Marazzi A, Paccaud F, Ruffieux C, Beguin C
Institute of Social and Preventive Medicine, School of Medicine, University of Lausanne, Switzerland.
Med Care. 1998 Jun;36(6):915-27. doi: 10.1097/00005650-199806000-00014.
The purpose of this study was to assess the adequacy of three widely used models--Lognormal, Weibull, and Gamma--for describing the distribution of length of stay. This is a fundamental step in the development of outliers resistant (robust) methods for the statistical analysis of this kind of data, where the main objective is to determine measures of average and total resource consumption of groups of patients. Current practice uses several types of trimming rules, many of which are based on the Lognormal model, although theoretical and experimental bases are still insufficient.
The three models were adjusted using robust procedures based on M-estimators to approximately 5 million stays grouped by Diagnosis-Related Groups (DRGs). The resulting 3,279 samples were collected in five European countries during 3 years.
Most of the distributions observed could be fitted with one of these models. The descriptions provided by the Gamma and the Weibull models were similar, and the Gamma model could be omitted. The casemix description provided by the Log-normal-Weibull family was, for certain countries, significantly better than the one provided by the single Lognormal model. Often, for a given DRG and a given country, length of stay distributions could be described with the same model during several years. A given DRG, however, usually had to be described by means of different models for different countries.

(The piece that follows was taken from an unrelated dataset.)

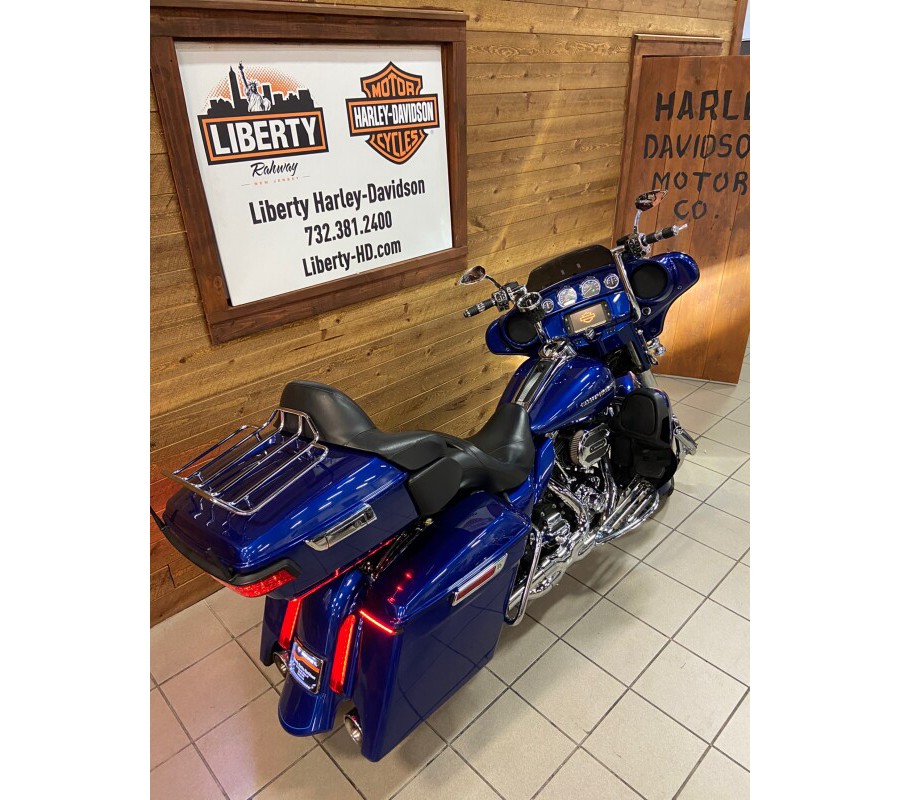 2015 Electra Glide Ultra Limited Superior Blue FLHTK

Practical and conceptual consequences of the results are discussed. They can be extended to the analyses of other consumption variables used in health services. Statistical procedures for casemix description, including current rules of trimming, should be improved by means of more flexible families of models.
本研究旨在评估三种广泛使用的模型——对数正态分布模型、威布尔分布模型和伽马分布模型——对住院时间分布的拟合程度。这是开发用于此类数据统计分析的抗异常值(稳健)方法的基本步骤,此类数据统计分析的主要目标是确定患者群体的平均资源消耗和总资源消耗指标。目前的做法使用了几种类型的截断规则,其中许多基于对数正态分布模型,但其理论和实验基础仍不充分。
使用基于M估计量的稳健程序对三种模型进行调整,以拟合按诊断相关分组(DRG)分类的约500万次住院数据。在3年时间里从五个欧洲国家收集了3279个样本。
观察到的大多数分布都可以用这些模型之一进行拟合。伽马分布模型和威布尔分布模型提供的描述相似,伽马分布模型可以省略。对于某些国家,对数正态 - 威布尔族提供的病例组合描述明显优于单一对数正态分布模型。通常,对于给定的DRG和给定的国家,住院时间分布在几年内可以用相同的模型描述。然而,对于给定的DRG,不同国家通常需要用不同的模型来描述。
讨论了研究结果在实际应用和概念方面的影响。这些结果可扩展到对卫生服务中其他消耗变量的分析。病例组合描述的统计程序,包括当前的截断规则,应通过更灵活的模型族加以改进。